4. Generate a simulated two-class data set with 100 observations and two features in which there is a visible but non-linear separation between the two classes. Show that in this setting, a support vector machine with a polynomial kernel (with degree greater than 1) or a radial kernel will outperform a support vector classifier on the training data. Which technique performs best on the test data?
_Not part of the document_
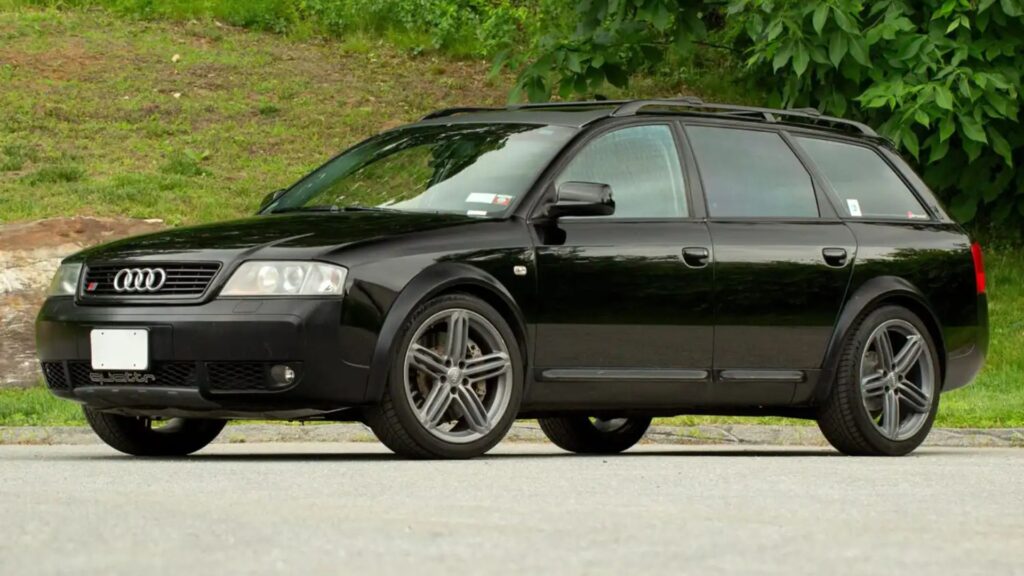 Audi Allroad 2005 preto parado na diagonal.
Make plots and report training and test error rates in order to back up your assertions.

library(e1071)
library(ggplot2)

## Warning: package 'ggplot2' was built under R version 4.3.3

library(caret)

## Loading required package: lattice

set.seed(1)

x <- matrix(rnorm(200 * 2), ncol = 2)
x[1:100, ] <- x[1:100, ] + 2
x[101:150, ] <- x[101:150, ] - 2
y <- c(rep(1, 150), rep(0, 50))
dat <- data.frame(X1 = x[, 1], X2 = x[, 2], y = as.factor(y))

train_index <- sample(1:200, 150)
train <- dat[train_index, ]
test <- dat[-train_index, ]

svm.linear <- svm(y ~ ., data = train, kernel = "linear", cost = 1)
train.pred.linear <- predict(svm.linear, train)
test.pred.linear <- predict(svm.linear, test)

train.err.linear <- mean(train.pred.linear != train$y)
test.err.linear <- mean(test.pred.linear != test$y)
train.err.linear; test.err.linear

## [1] 0.28

## [1] 0.16

svm.poly <- svm(y ~ ., data = train, kernel = "polynomial", degree = 3, cost = 1)
train.pred.poly <- predict(svm.poly, train)
test.pred.poly <- predict(svm.poly, test)

train.err.poly <- mean(train.pred.poly != train$y)
test.err.poly <- mean(test.pred.poly != test$y)
train.err.poly; test.err.poly

## [1] 0.28

## [1] 0.16

svm.rbf <- svm(y ~ ., data = train, kernel = "radial", gamma = 1, cost = 1)
train.pred.rbf <- predict(svm.rbf, train)
test.pred.rbf <- predict(svm.rbf, test)

train.err.rbf <- mean(train.pred.rbf != train$y)
test.err.rbf <- mean(test.pred.rbf != test$y)
train.err.rbf; test.err.rbf

## [1] 0.06666667

## [1] 0.16

x1.range <- seq(min(dat$X1) - 1, max(dat$X1) + 1, length = 200)
x2.range <- seq(min(dat$X2) - 1, max(dat$X2) + 1, length = 200)
grid <- expand.grid(X1 = x1.range, X2 = x2.range)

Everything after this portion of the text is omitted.